> _TASK ITEM_
Give again only the lines from the line that holds "Sony Xperia M4" to the end of the data, inclusive, omitting all pictures.

> _DATA FOR THE TASK_
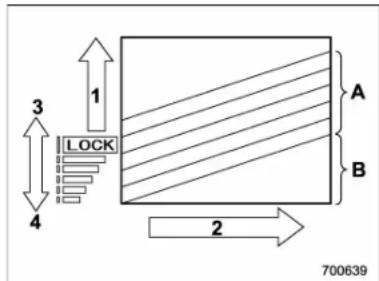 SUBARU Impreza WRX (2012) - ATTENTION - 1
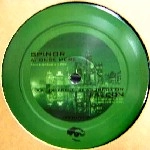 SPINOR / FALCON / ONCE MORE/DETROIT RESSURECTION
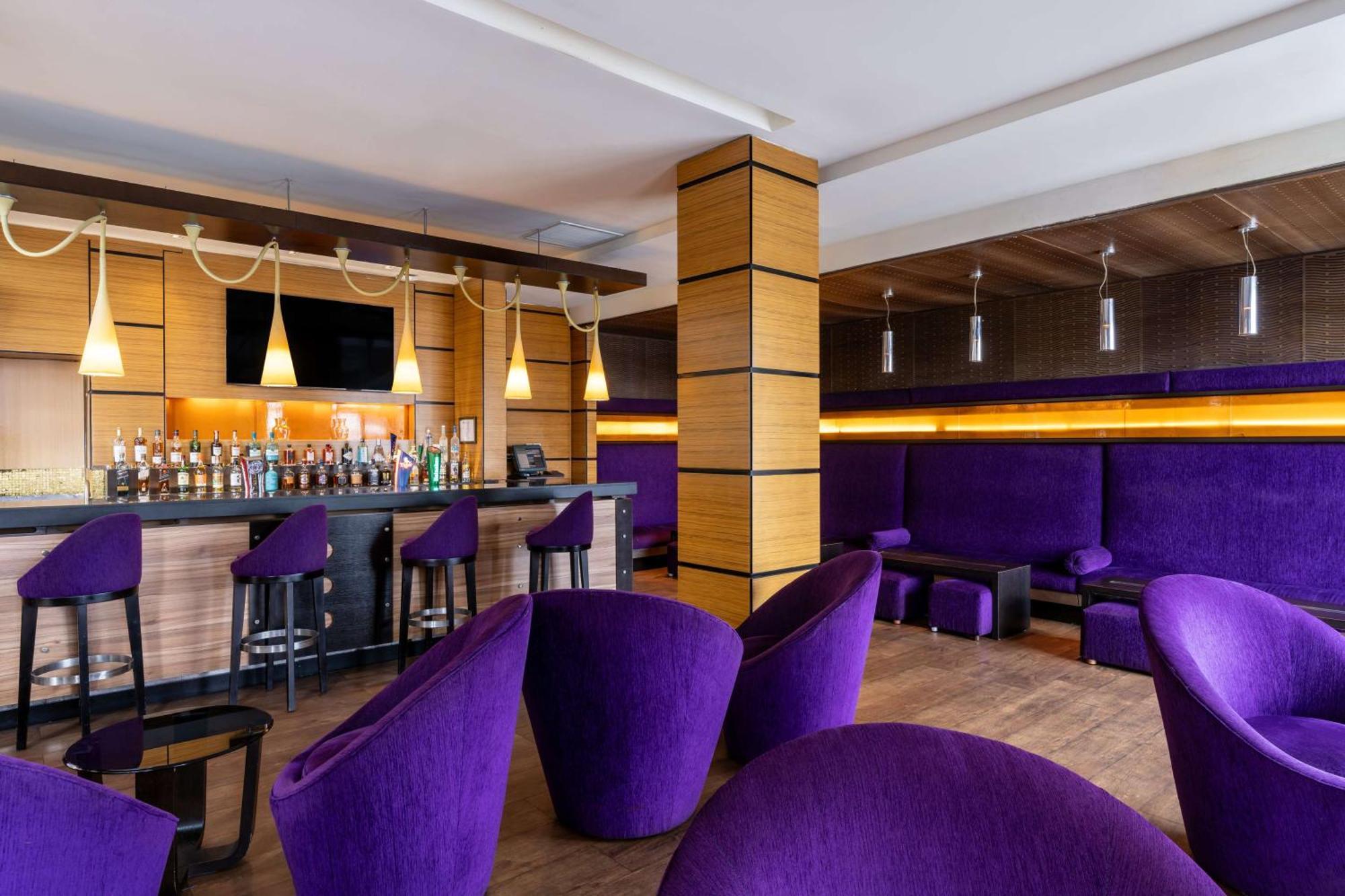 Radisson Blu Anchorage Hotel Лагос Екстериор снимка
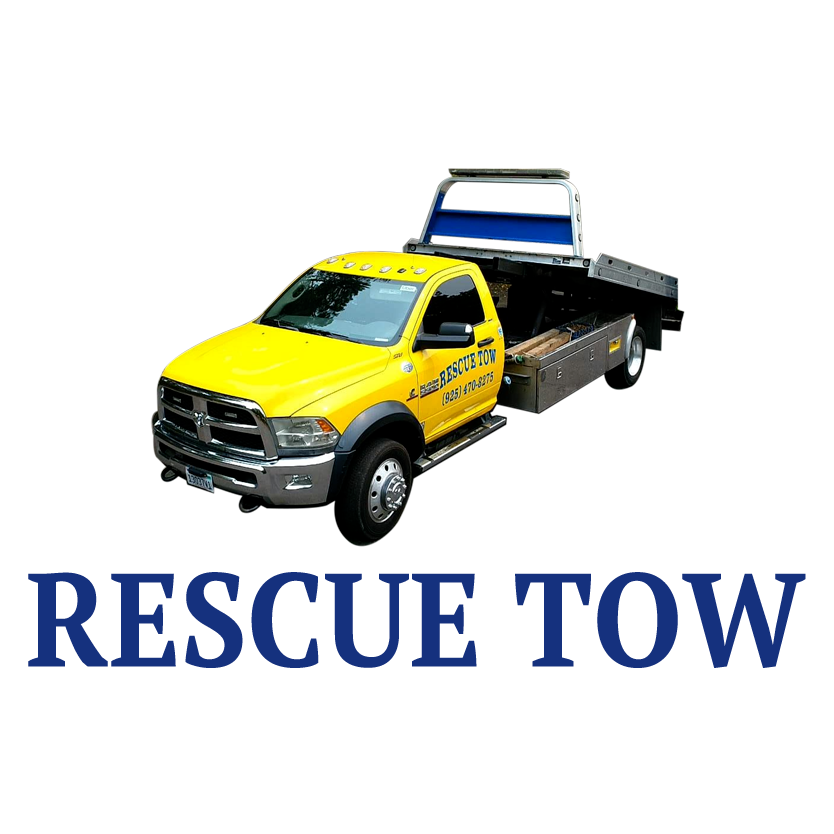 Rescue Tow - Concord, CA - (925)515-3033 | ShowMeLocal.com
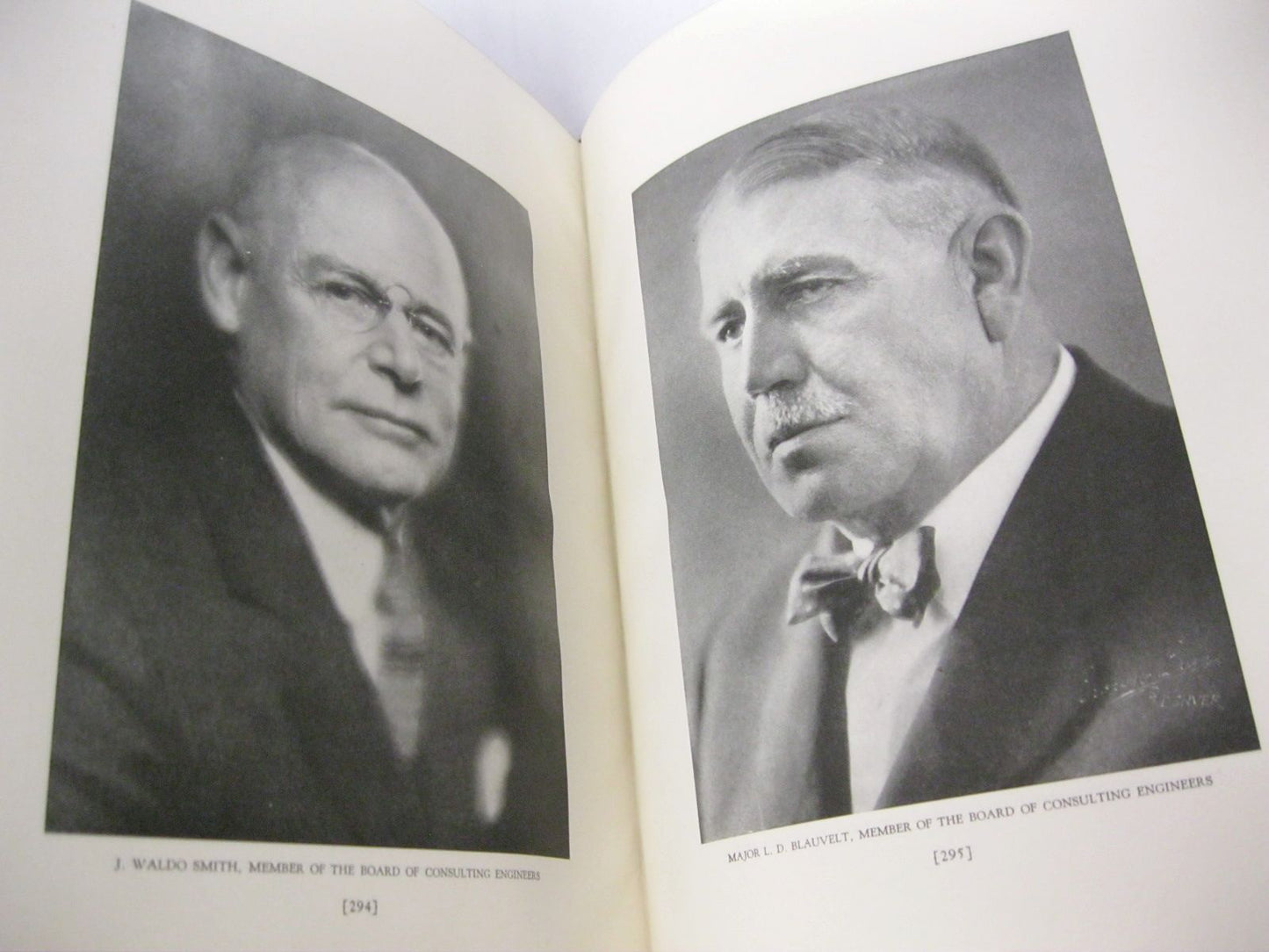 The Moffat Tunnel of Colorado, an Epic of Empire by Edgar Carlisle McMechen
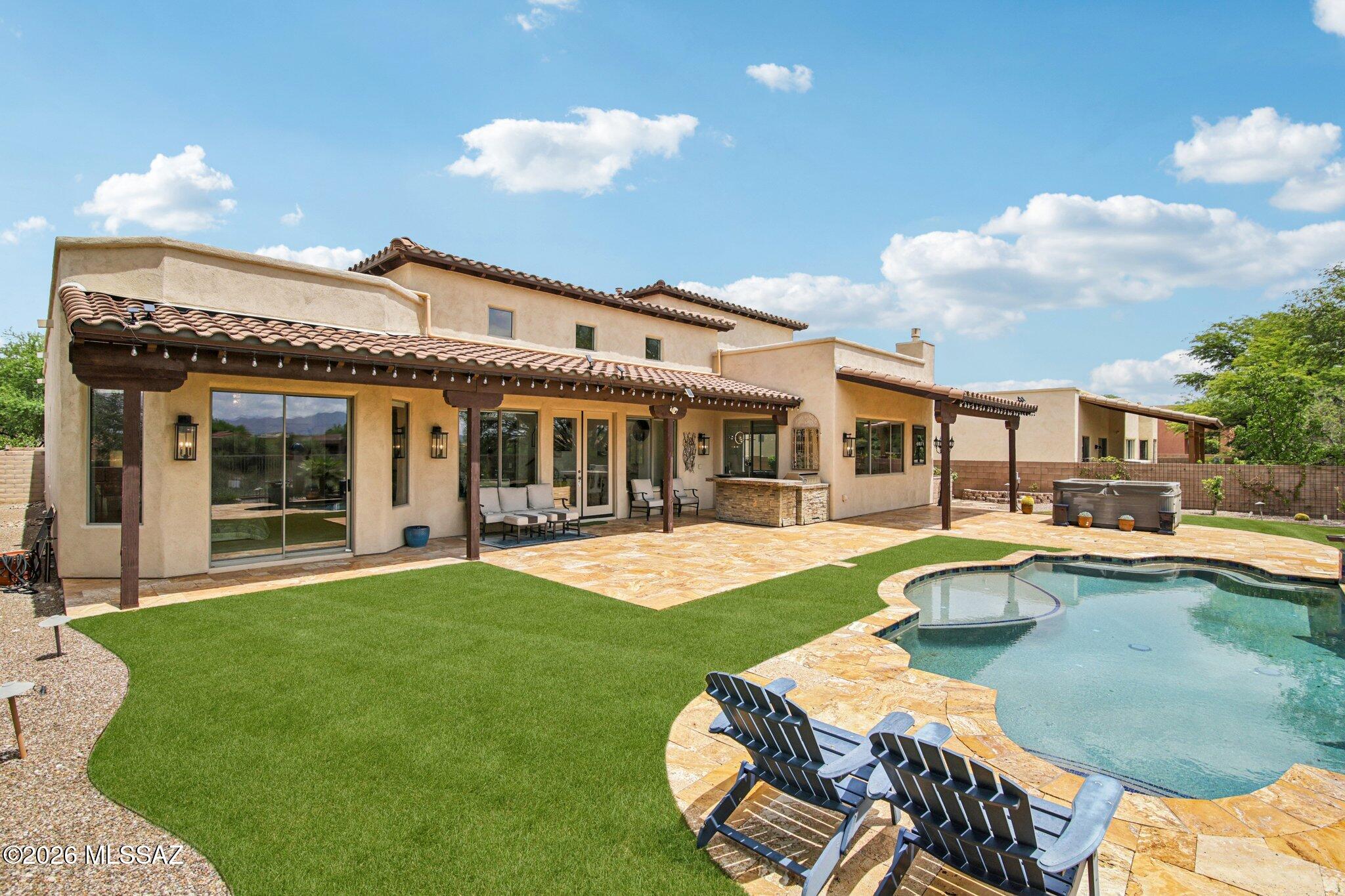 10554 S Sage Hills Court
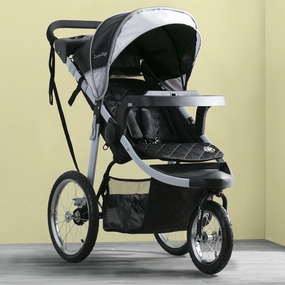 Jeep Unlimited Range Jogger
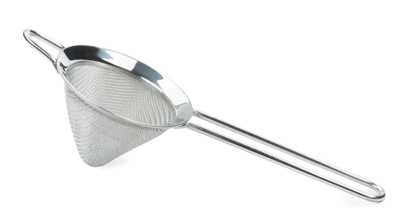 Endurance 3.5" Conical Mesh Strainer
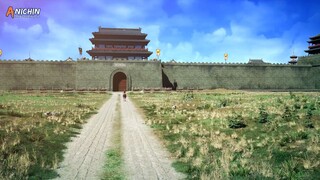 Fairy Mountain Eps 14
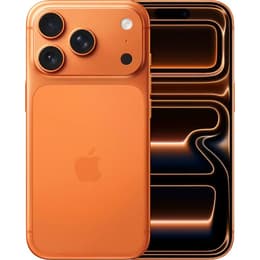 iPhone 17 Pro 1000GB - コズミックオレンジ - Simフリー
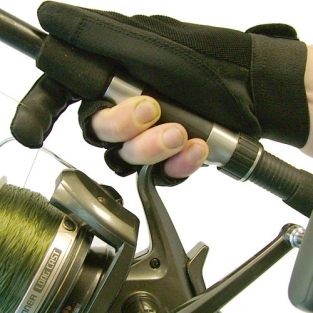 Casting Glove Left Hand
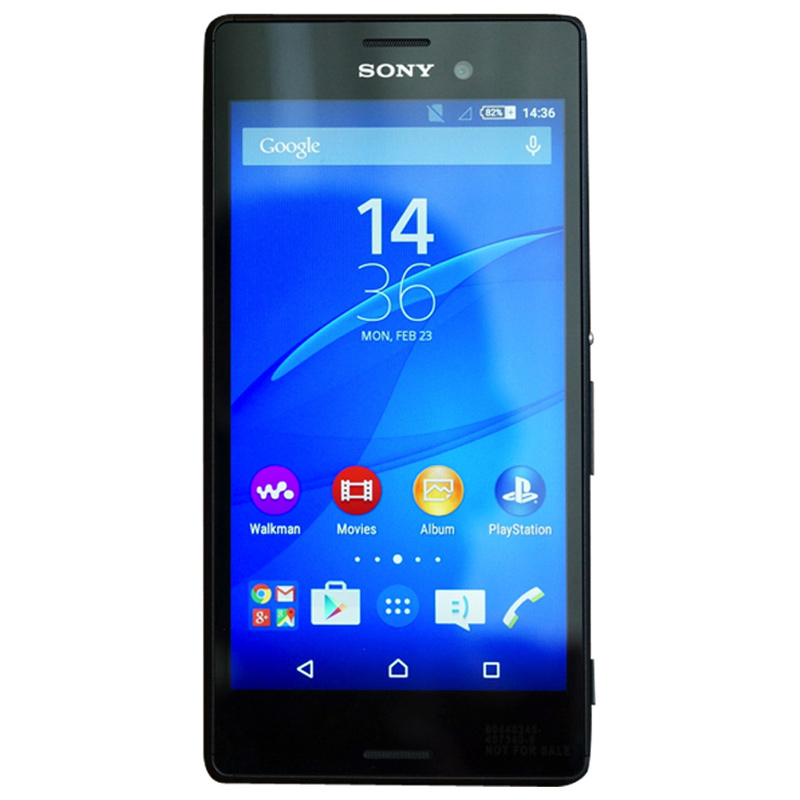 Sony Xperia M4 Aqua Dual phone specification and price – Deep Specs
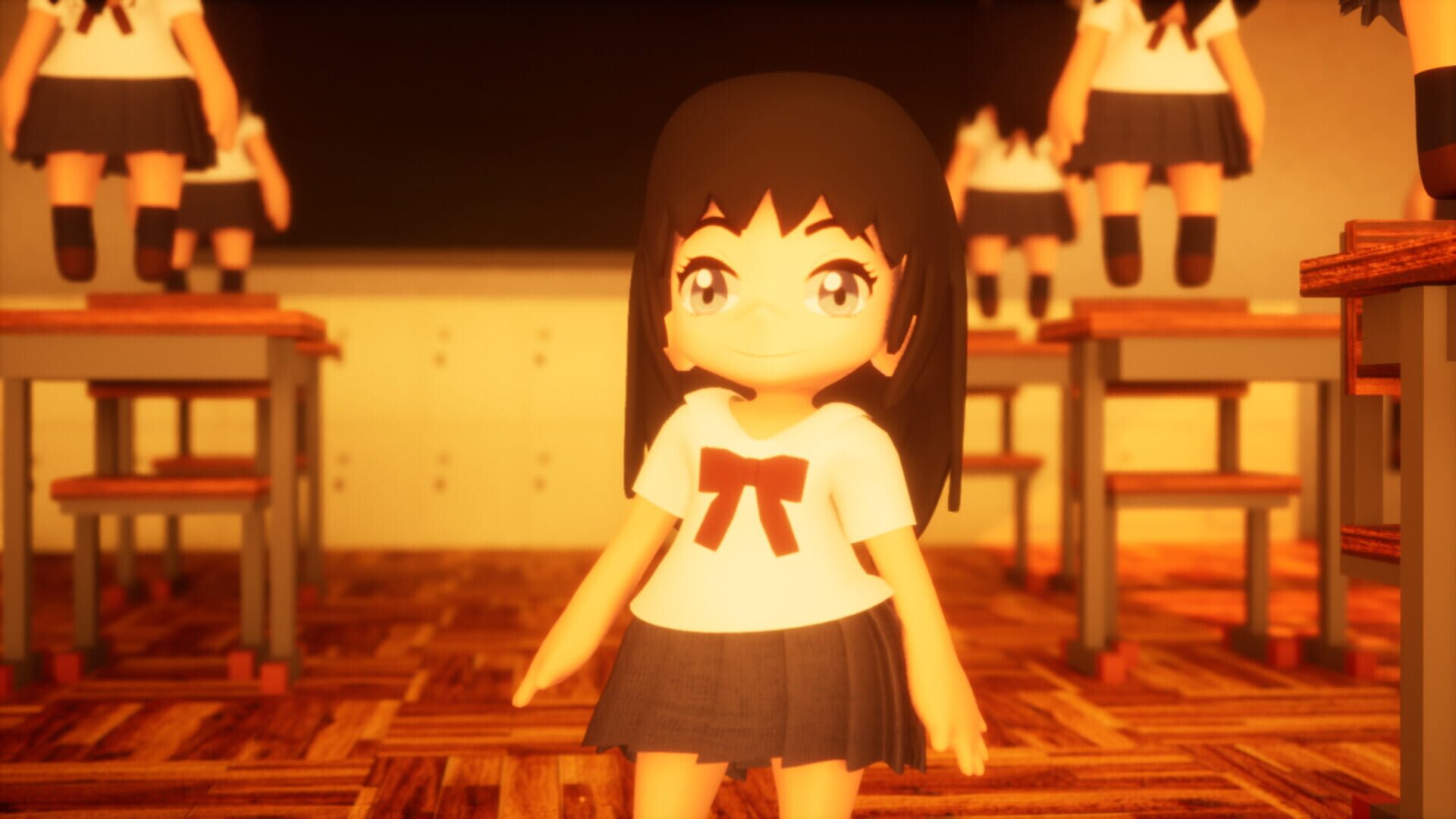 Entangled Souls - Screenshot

> _YOUR SOLUTION_
 Sony Xperia M4 Aqua Dual phone specification and price – Deep Specs
 Entangled Souls - Screenshot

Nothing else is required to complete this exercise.